The case against the masterminds – two influential Rio politicians, Domingos and Chiquinho Brazão, and Rivaldo Barbosa, a former police chief – is under way in the supreme court and no trial date has been set yet.
Announcing the sentences, Judge Glioche said: “The jury is a democracy – a democracy which Marielle Franco defended.”
Addressing the two defendants she said: “This sentence is directed at the defendants here, but also at the many Lessas and Queirozes who exist in Rio and remain at large.”
Members of the two victims’ families hugged each other as the sentence was declared.

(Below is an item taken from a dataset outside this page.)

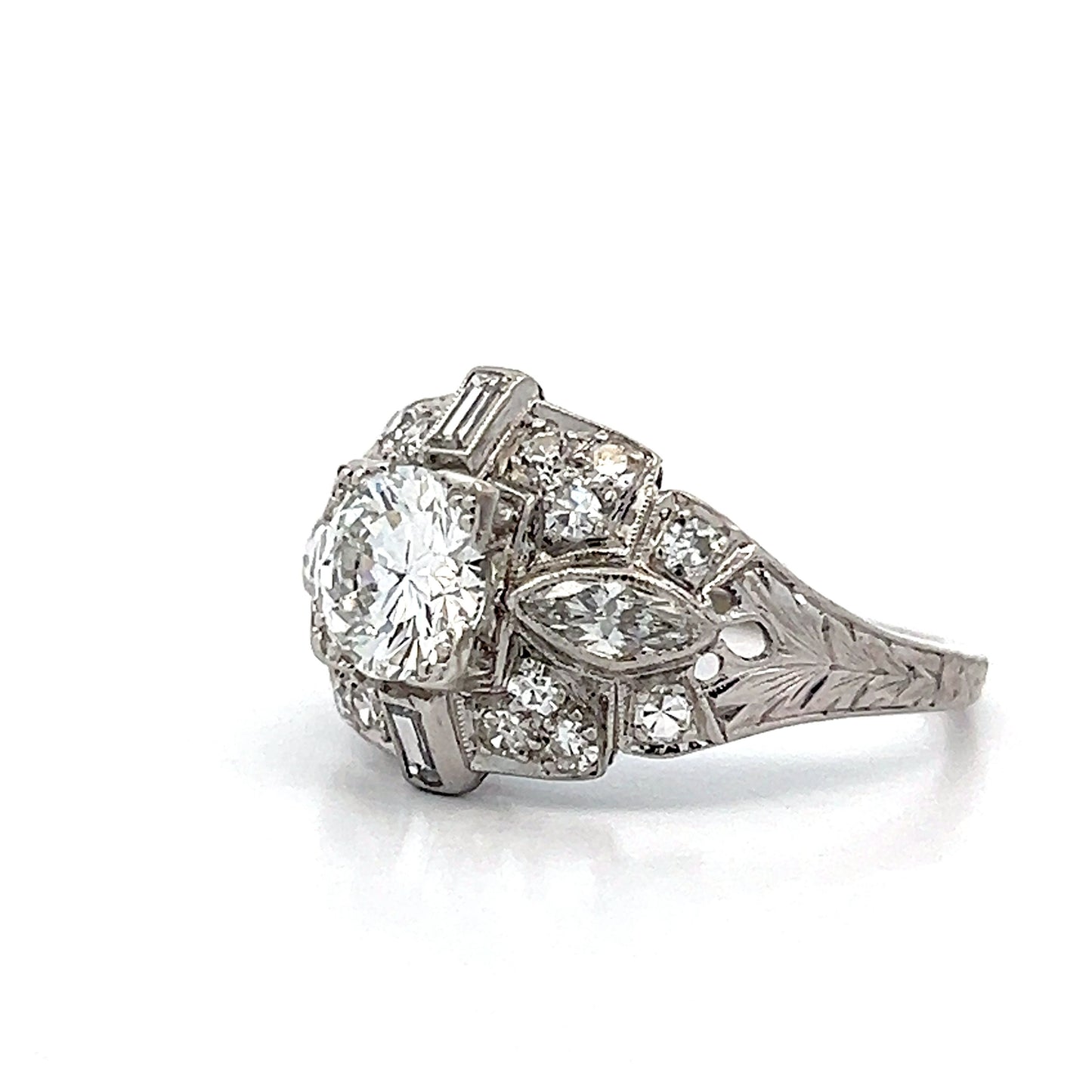 1.02 Antique Deco Diamond Engagement Ring in Platinum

At a press conference afterwards, Franco’s daughter, Luyara, said the trial outcome “is a victory for Brazil’s democracy”. She added: “There are still many steps ahead in this case, but today the first step toward justice for them has certainly been taken, and we will keep fighting.”
Marielle’s widow, Monica Benicio, said the convictions are “a message that politicians cannot use murder as a means to conduct politics”.

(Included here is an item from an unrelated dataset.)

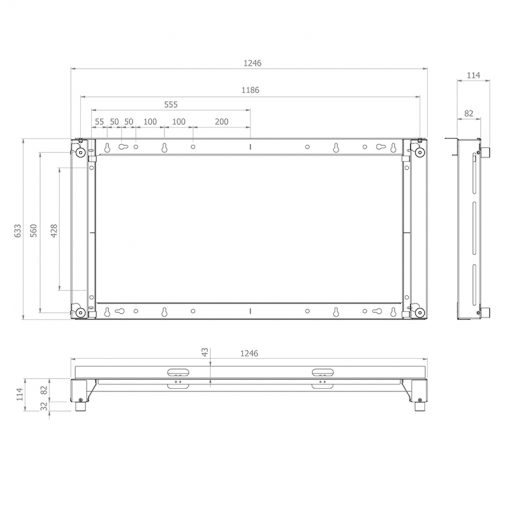 Hagor WH LG 55XE4F - Outdoor-Wandhalterung für LG 55XE4F-Serie - Landscape / Portrait - Schwarz - 5868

During the trial, Lessa – whom the federal police accuse of being a contract killer – again admitted to the crime, speaking coldly about the murder.
According to him, the Brazão brothers – long accused of involvement with paramilitary mafia groups known as militias – ordered the killing after becoming frustrated by Franco’s efforts to disrupt profitable housing development plans.

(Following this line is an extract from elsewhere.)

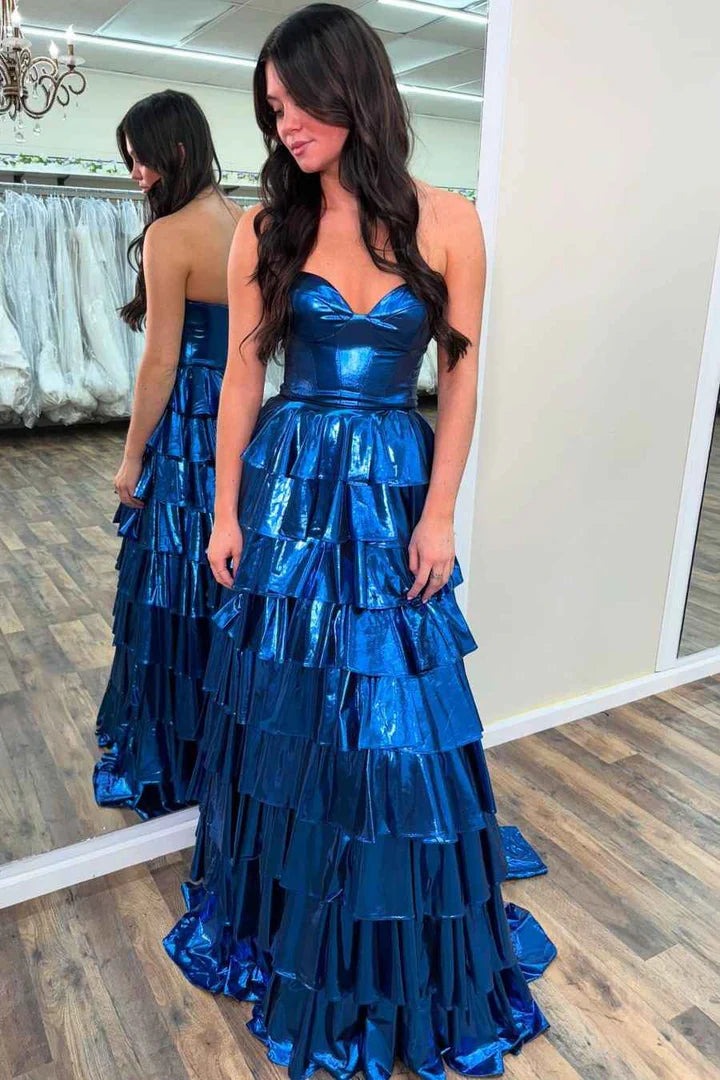 Metallic A-Line Sweetheart Ruffle Tiered Long Prom Dresses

“The masterminds saw Franco as an obstacle and wanted to deal with her at any cost,” he said, at times referring to the councillor not by name, but as “the target.” Lessa claimed he would receive land plots valued at 25m reais (£3.3m) as payment.
The now-convicted men participated in the trial via video link from the prisons where they are held.
Before Marielle Franco’s mother, Marinete Silva, testified, prosecutors asked if she wanted Lessa and Queiroz removed from the broadcast. She declined, and during her statement, she called both men “cowards”.
“I’m not here to talk about Marielle as a councillor or as a symbol of resistance for Brazil and the world,” she said. “I’m here as a mother who has suffered all these years from the loss of her daughter,” said Marinete.
Also invited to testify, Franco’s widow, Benicio, said that she was living “the happiest moment of her life”, shortly after becoming Rio de Janeiro’s fifth-most-voted councillor in her first election.
Gomes’s widow, Ágatha Arnaus, recounted that her husband – who left behind a son who was one year and eight months old at the time of the crime – was in the final stages of a selection process to work as an aircraft mechanic, his childhood dream.
The sole survivor from that night, Fernanda Chaves, also testified by video call – she had to leave Brazil in the following months, and since returning has lived outside Rio.
She celebrated Franco’s legacy; Chaves had been Franco’s press officer and friend for 15 years. “These people took Marielle from us, but they couldn’t interrupt what Marielle stands for. They [the killers and masterminds] will spend the rest of their lives in misery, having to hear ‘Marielle lives’ … and seeing her face on walls around the world,” she said.
Lessa and Queiroz were tried by a jury made up entirely of men (seven in total), all middle-aged. During the preliminary selection, the defence used its veto to block the only two women who had been chosen.
Following the verdict, Franco’s sister and Brazil’s current minister for racial equality, Anielle Franco, said that “people need to stop normalising so many bodies falling across the country”. She added, “When they murdered my sister, with those four shots to the head, they could not have imagined the strength with which this country and the world would rise up.
“What happened today is just part of the response we expect. Justice began to be served today,” she said.